Tune: Passing cluster configuration to ray

Hello,

I’m using Tune with PyTorch for hyperparameter tuning in a single node. I’m trying to setup a few ray cluster parameters such as “address” to “localhost” then calling “tune.Tuner()” , which I suppose will set the “–node_ip_address=” option when cluster management processes run.

I’m new to ray and in doubt if “tune.Tuner()” calls “ray.init()” under the hood (I suppose it does). If so, how can I pass cluster parameters down to ray.init(). If not, how can I set which host address to be used when running “tune.Tuner()” ?

I’m using the ray/python/ray/tune/examples/mnist_pytorch.py as my starting point.

Thanks in advance
Lucas

@Brasilino

Tune does call ray.init() under the hood if you don’t initialize it yourself. You can add a ray.init() before calling Tuner.fit() to set some custom cluster parameters!

By the way, if you’re on Ray 2.4+, you should see this in your logs:

Does this log message answer your question?

1 Like

Hello @justinvyu

It does, however I don’t see that messages in logs. Btw, I’m using ray 2.4.0.

Anyway, I added a ray.init() call before turner.fit() in the mnist_pytorch.py script trying to make ray workers to use ‘localhost’ or IP ‘127.0.0.1’ without success. Workers still use the IP from a particular workstation’s network card.

Logs are like:
[2023-04-28 13:38:26,178 I 62180 62180] core_worker.cc:215: Initializing worker at address: AA.BB.CC.DD:45357, worker ID e88f0d5b81566120ca6de321c89b289d5ef19743db7be3fdd9f74b8a, raylet 8817e95f545781e4d2079ff9017de876b28c90b709bd5c827a4bc86a

Where AA.BB.CC.DD is the workstation’s NIC IP.

So, is there a way to force a Ray Tune worker initialization to use localhost or address 127.0.0.1 ?

Thanks again,
Lucas

What are you trying to achieve?

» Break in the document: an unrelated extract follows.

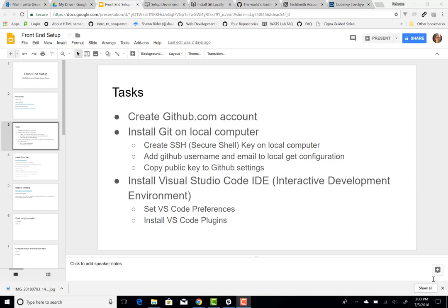Today we're going to install a front-end development environment on a Windows machine. I've outlined the tasks we're going to be looking at: first, setting up a GitHub.com account if you don't already have one, then installing the Git program on the local computer. Once we've got Git installed, we are going to create the SSH Secure Shell key on our local computer, and then copy the public part of that key out to GitHub.com. That will allow us to push files back to GitHub.com from the local machine without having to enter our username and password every time. Git is a program that runs locally, and GitHub.com is a place where we can store repositories on the cloud.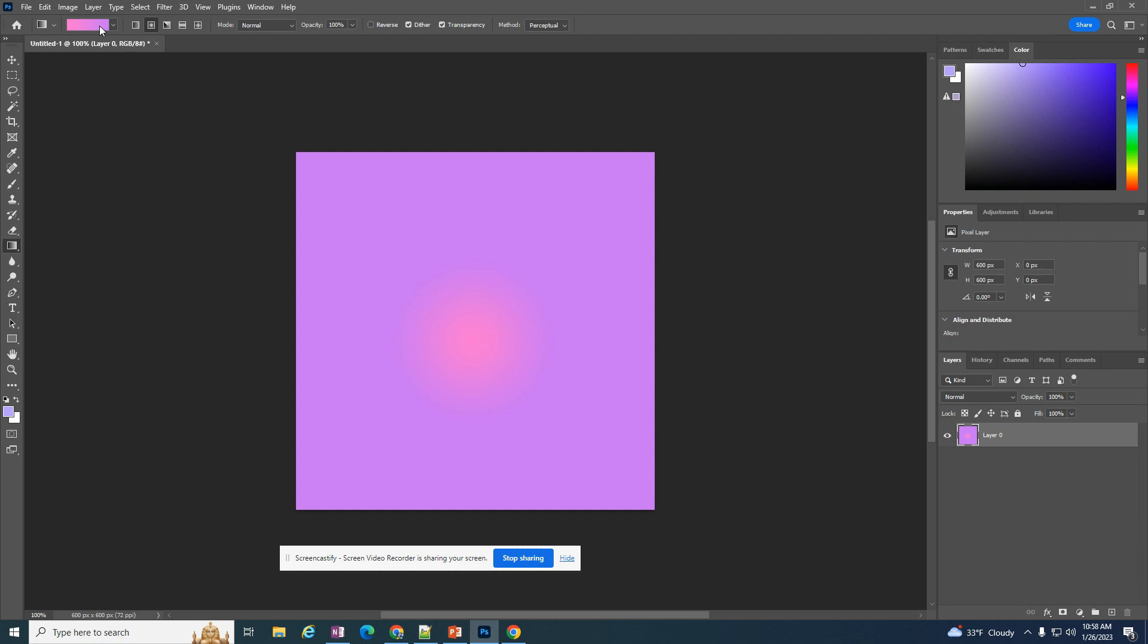I'm going to go back to a linear one, so I'm going to click on this button right here. I have it going from one kind of pink to a purple.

Do you want other machines to be able to connect to the machine? If so, you should start ray with ray start --head on the command line and the connect using e.g. ray.init("127.0.0.1:6379")

Hello @kai
I’ll better detail the problem I’m facing. I’m trying to use Ray Tune in a single Workstation (from NVIDIA), however the hyperparameter tuning does not start . As I said, I’m using the ray/python/ray/tune/examples/mnist_pytorch.py script as starting point. Here how I’m running it:

$ python mnist_pytorch.py
2023-05-01 11:12:47,096	INFO worker.py:1625 -- Started a local Ray instance.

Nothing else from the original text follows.